I thought I’d finally be able to breathe. We had a routine, a sense of “normal” again, and on the outside things looked stable. At the time I didn’t realize what was necessarily happening to me. I started noticing more moments of irritability, snapping over small things, and then suddenly having these waves where I’d almost spaz out.
One month, I cried for what felt like a whole week straight, struggling HARD, thinking it was just PMS. I kept wondering if these moments of me literally wanting to freak the f*** out were normal because… WHAT.
The next month, I realized I was getting overstimulated. I didn’t know if it was just me who was struggling this much. I started talking to my mom friends and that always helps after being a little vulnerable. I felt better, like okay… thank God it’s not just me.
But then, it started getting harder. Slowly, everything began to overwhelm me. The day to day tasks I used to kick ass at? I couldn’t keep up anymore. I felt like I was drowning.
And the guilt? The guilt was and still is the worst. (That’s another thing we can totally talk about later).
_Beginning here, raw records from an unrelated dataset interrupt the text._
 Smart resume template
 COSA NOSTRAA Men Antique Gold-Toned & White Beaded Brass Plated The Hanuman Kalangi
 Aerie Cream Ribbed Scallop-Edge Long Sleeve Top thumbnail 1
Work, home, Mateo, Chris, my dogs… everything felt so heavy. That’s when I really started to feel alone — like, is it supposed to feel like this? Am I going to be like this forever? I didn’t want to be like this.
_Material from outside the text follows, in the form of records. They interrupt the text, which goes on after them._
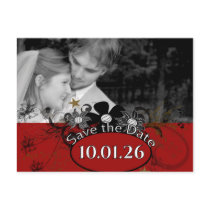 Save the Date with YOUR Photo - Red Post Card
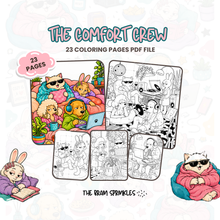 The Comfort Crew digital coloring book cover — 23 printable coloring pages in one PDF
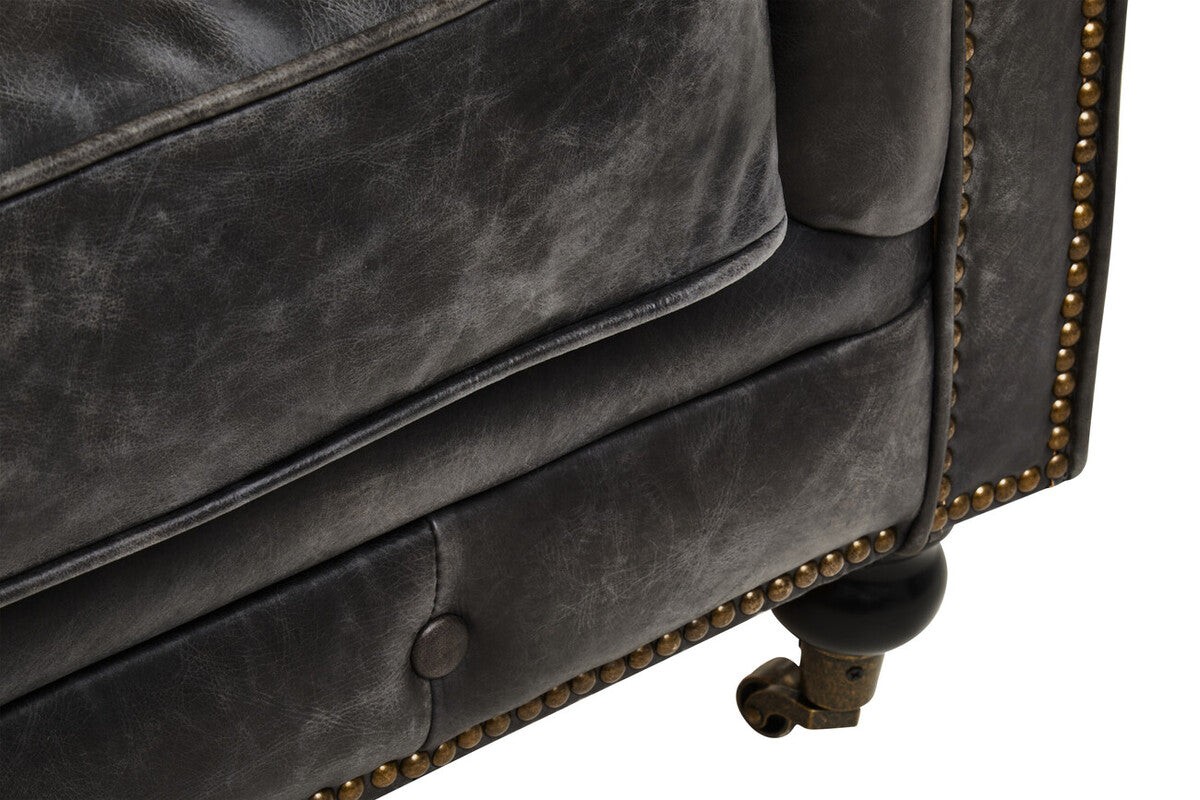 Hoxton Ebony Leather Sofa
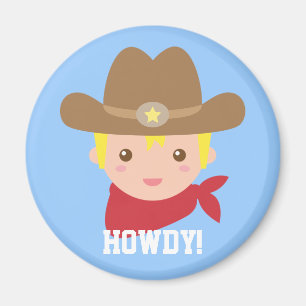 Hallo, Schattige Cowboy voor kleine jongens Magneet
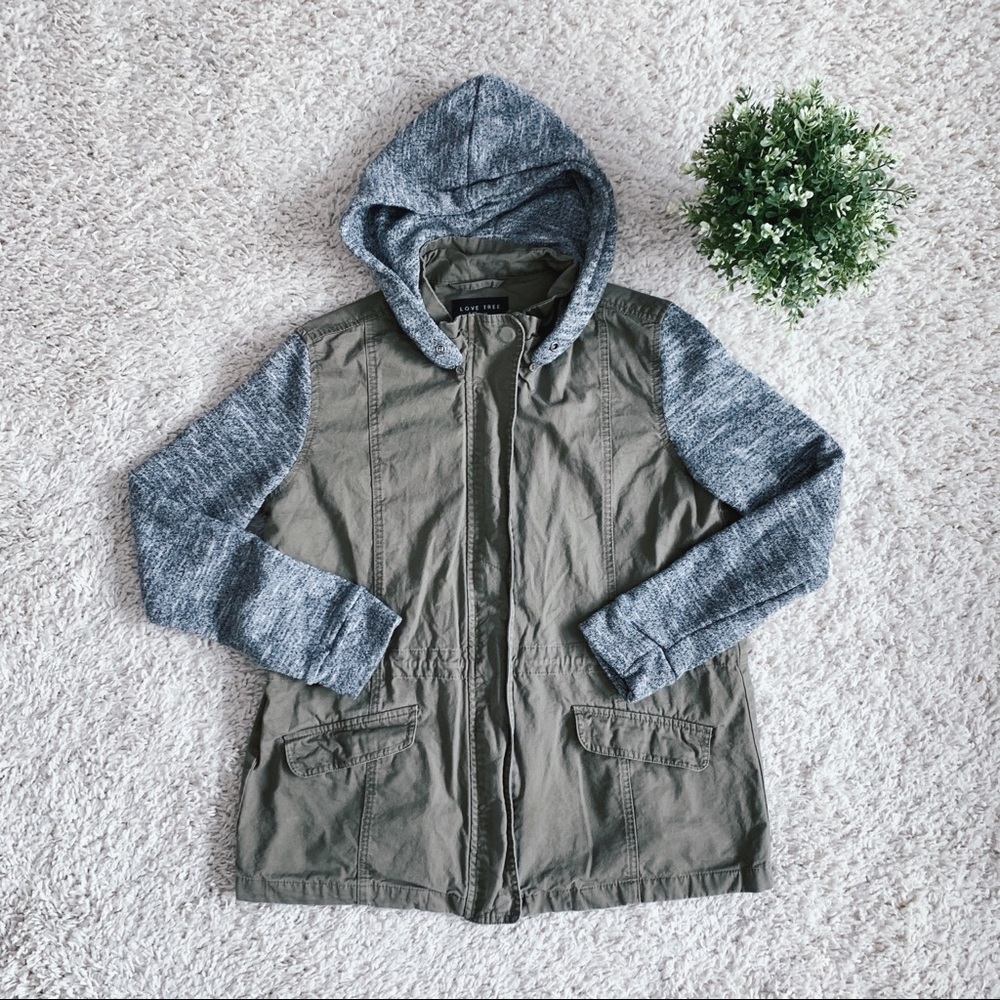 Zip-Up Utility Jacket & Removable Hood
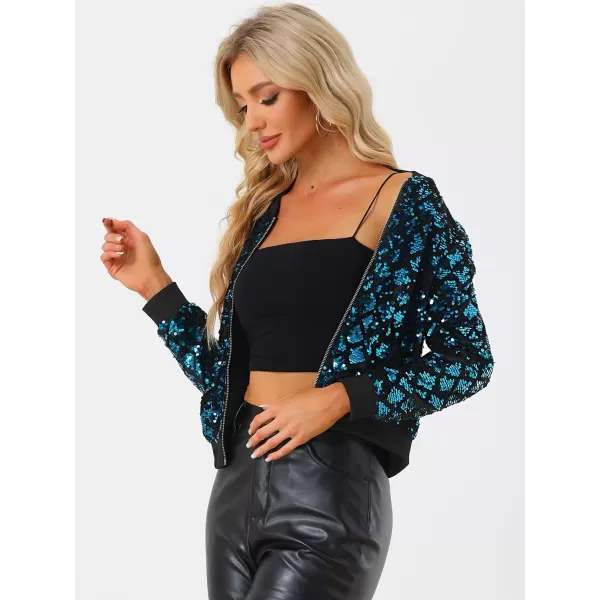 Allegra K Women's Sequin Long Sleeve Zipper Up Glitter Party Bomber Jacket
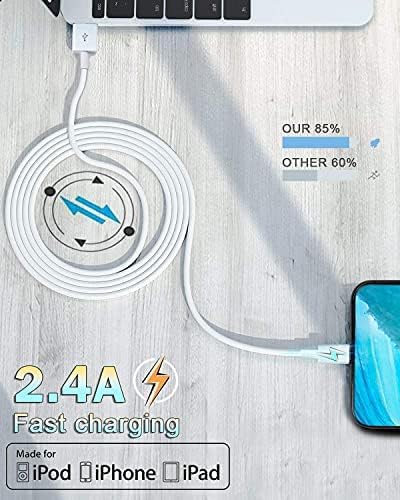 4 Pack [Apple MFi Certified] Apple Charging Cables 10ft, iPhone Chargers, Lightning Fast iPhone Charging Cord for iPhone 12/11/11Pro/11Max/ X/XS/XR/XS Max/8/7, ipad(White) (4pack(10ft), Purple, 4)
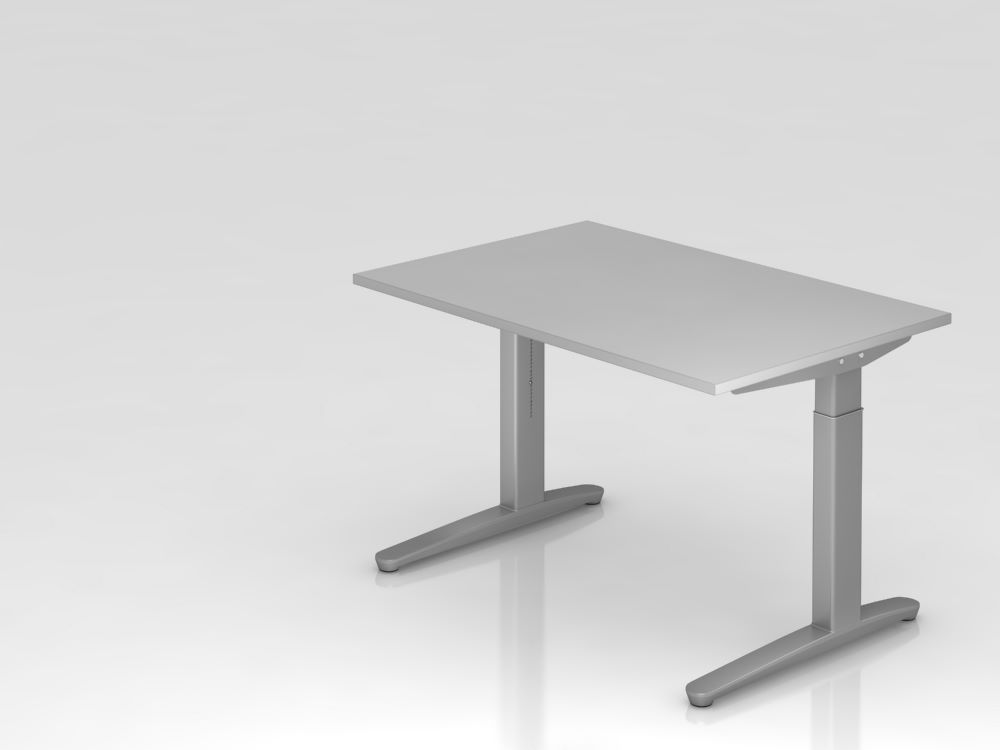 Produktbild Hammerbacher Schreibtisch C-Fuß-Gestell Silber 120 x 80 cm Grau Arbeitshöhe 65 - 85 cm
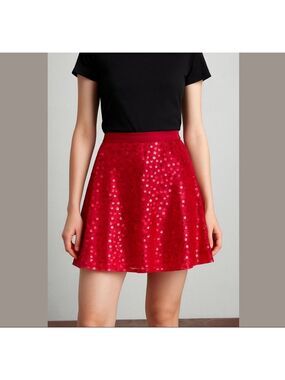 DKNY chiffon mini a-line skirt sequins red Sz 12 $295 Taylor Swift Eras Tour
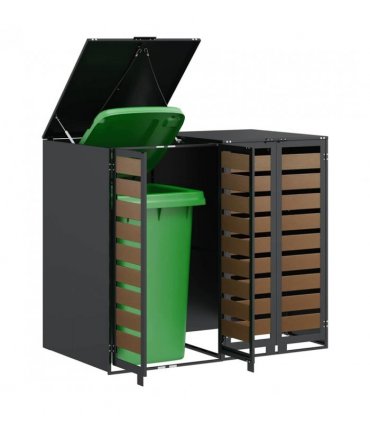 vidaXL Wheelie Bin Storage for 2 Bins Anthracite 136 x 77.5 x 115.5 cm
I remember crying in the kitchen while Mateo was calling for me to help him. Even attending to him sometimes felt like, “oh my God 😖.” And yes it’s normal to feel like that on hard days, but you shouldn’t be crying all the time.
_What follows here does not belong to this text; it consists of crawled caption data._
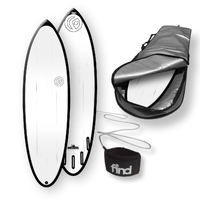 FIND™ 6'0" BLITZ Polytec Black Streaked Surfboard + Fins + Cover + Leash Package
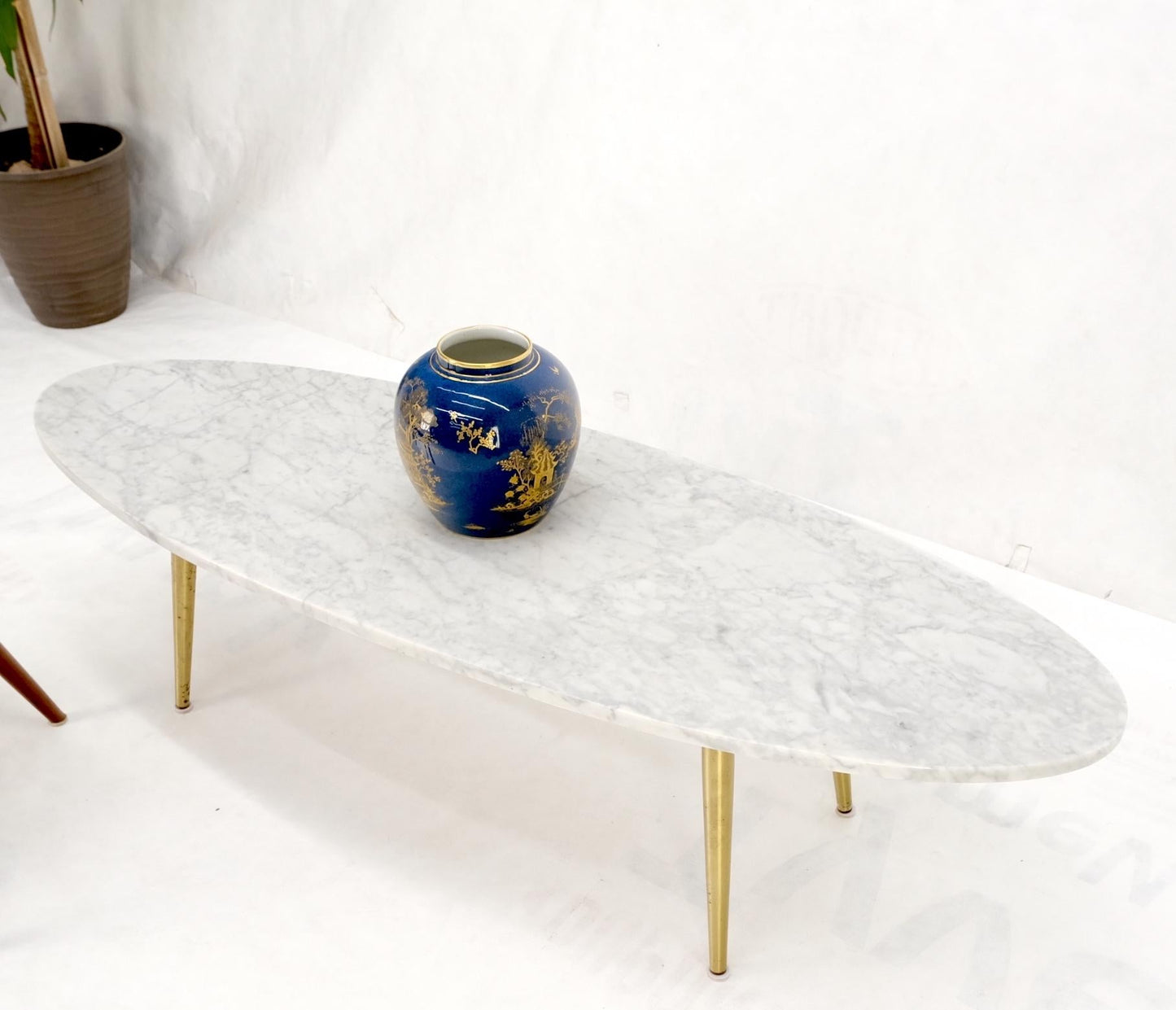 EstablishedLines White Oval Carrara Marble Top Italian Mid-Century Modern Coffee Table Brass Legs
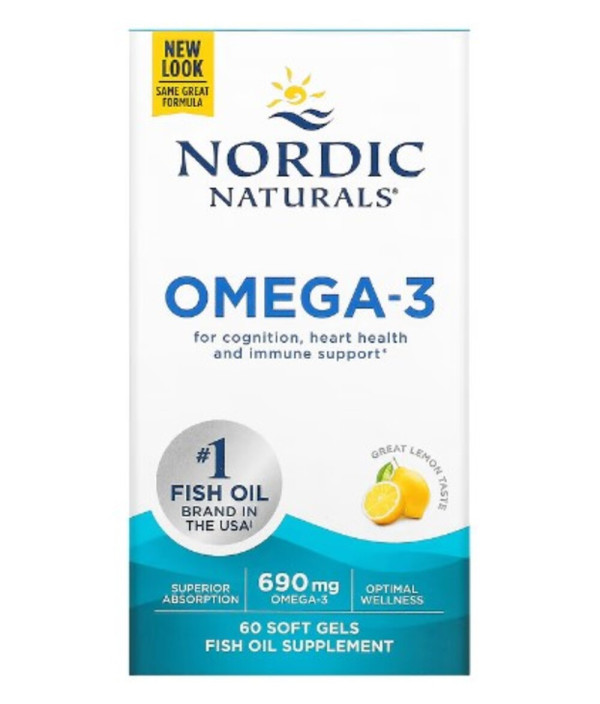 Nordic Naturals, Omega-3, Lemon, 690 mg, 60 Soft Gels (345 mg per Soft Gel)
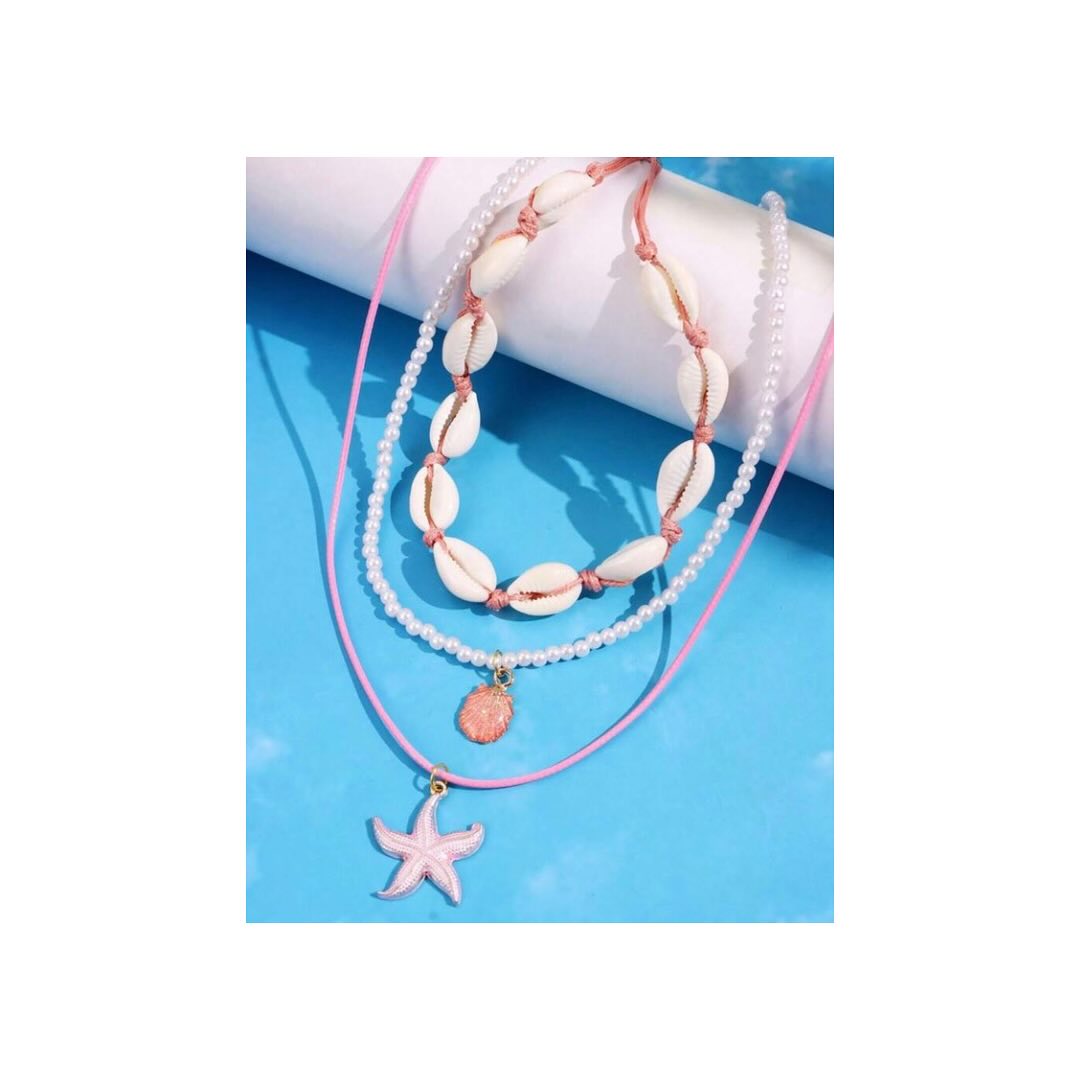 Conjunto de 3 piezas .Collar con un colgante de estrella de mar color rosado 🩷🩷🩷🩷🩷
Chris and I started having more arguments. I was also trying to figure out who I was again, learning to set boundaries for myself. Everything felt so loud. Mateo was only wanting me, acting up a lot, and it was so triggering sometimes we’d both end up crying… a lot. Lmao.
My patience was thinning in every aspect of my life. Some days were easier, others were rough.
I was struggling.
It wasn’t all the time — sometimes it was just a few moments, other times it was a few times a week, or just a “shit ton” of moments 😂 — but when the lows hit, they hit low.
I remember realizing one day that once I am calm, Mateo is calm. I tried so hard to “manage my emotions” (which honestly looked more like trying to shut them down). I remember doing so good for a week, and then the next week… I was having the biggest internal battle not to lose it over everything.
🤎🤎🤎 Have you ever had that moment where you realized you were not okay, even when everything around you seemed fine? What did that moment look like for you?